Zerdeşt yoldaşımız aslen Sêrt’li olan yurtsever bir ailenin ferdi olarak Adana’da dünyaya gelmiştir. Sömürgeci Türk devletinin halkımızı gerilladan koparmak ve Türkiye metropollerine sürgün ederek soykırımdan geçirme politikaları nedeniyle Adana’da büyümüştür. Zerdeşt yoldaşımız tüm bu kirli politikalara rağmen Kürtlük özünü korumasını bilmiştir. Ailesinin özünde halkımızın yaşadığı soykırım tehlikesini yakından gören ve düşmanın yaşamın her anında geliştirdiği saldırılara tanıklık etmiştir. Bu nedenle sorumlu her Kürt genci gibi halkının çektiği acılara kayıtsız kalmayarak genç yaşında mücadeleye atılmıştır. Birçok alanda farklı devrimci çalışmalar yürüttükten sonra soykırımcı Türk devletinin halkımıza diz çöktürmek için geliştirdiği saldırılara cevap olmak için gerilla saflarına katılmıştır. Katılım yaptığı dönemde özellikle şehadet gerçekliğinden çok etkilenmiş ve her zaman şehit yoldaşlarına layık olabilmenin ağırlığında olmuştur. Yine PKK’deki yoldaşlık ilişkilerine büyük bir değer biçmiş, yoldaşlarına iyi bir yoldaş olmak için sürekli bir çabanın sahibi olmuştur. Halkımızın özgürlük devriminin ancak devrimci halk savaşı çizgisini yetkince uygulamakla mümkün olduğuna yürekten inanmıştır. Bu inançla kendisini her anlamıyla eğitmiştir. Özellikle profesyonel gerillacılığın ilkelerinde derinleşmek ve yeni dönem gerillacılığının uygulayıcısı olmak için uzmanlaşmaya çalışmıştır. Askeri duruş ve yoğunlaşmasında olduğu kadar yaşamdaki duruşuyla da Partimiz PKK’nin gençlik ruhunu temsil etme kararlılığında olan Zerdeşt yoldaşımız, mücadelemizin unutulmaz kahramanları arasındaki yerini layıkıyla almasını bilmiştir.

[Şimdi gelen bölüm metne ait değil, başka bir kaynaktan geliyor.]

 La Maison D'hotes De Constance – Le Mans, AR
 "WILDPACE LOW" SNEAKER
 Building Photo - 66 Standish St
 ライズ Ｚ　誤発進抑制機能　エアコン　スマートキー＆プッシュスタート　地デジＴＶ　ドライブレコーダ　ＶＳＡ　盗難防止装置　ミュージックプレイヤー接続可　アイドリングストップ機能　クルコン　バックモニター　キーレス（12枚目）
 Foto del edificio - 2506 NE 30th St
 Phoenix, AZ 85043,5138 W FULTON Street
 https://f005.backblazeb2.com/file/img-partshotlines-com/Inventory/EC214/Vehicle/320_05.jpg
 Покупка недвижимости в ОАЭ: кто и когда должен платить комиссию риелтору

Mücadeleleriyle olduğu kadar şehadetleriyle de Kürdistan halkının büyük değer yaratıcılarından olan Dilêr, Çiçek, Ekin, Destan, Şervan ve Zerdeşt yoldaşlarımızın başta değerli aileleri olmak üzere tüm Kürdistan halkımıza başsağlığı diliyor, şehitlerimizin bizlere devrettiği zafer hedeflerini mutlaka başaracağımızın sözünü yineliyoruz.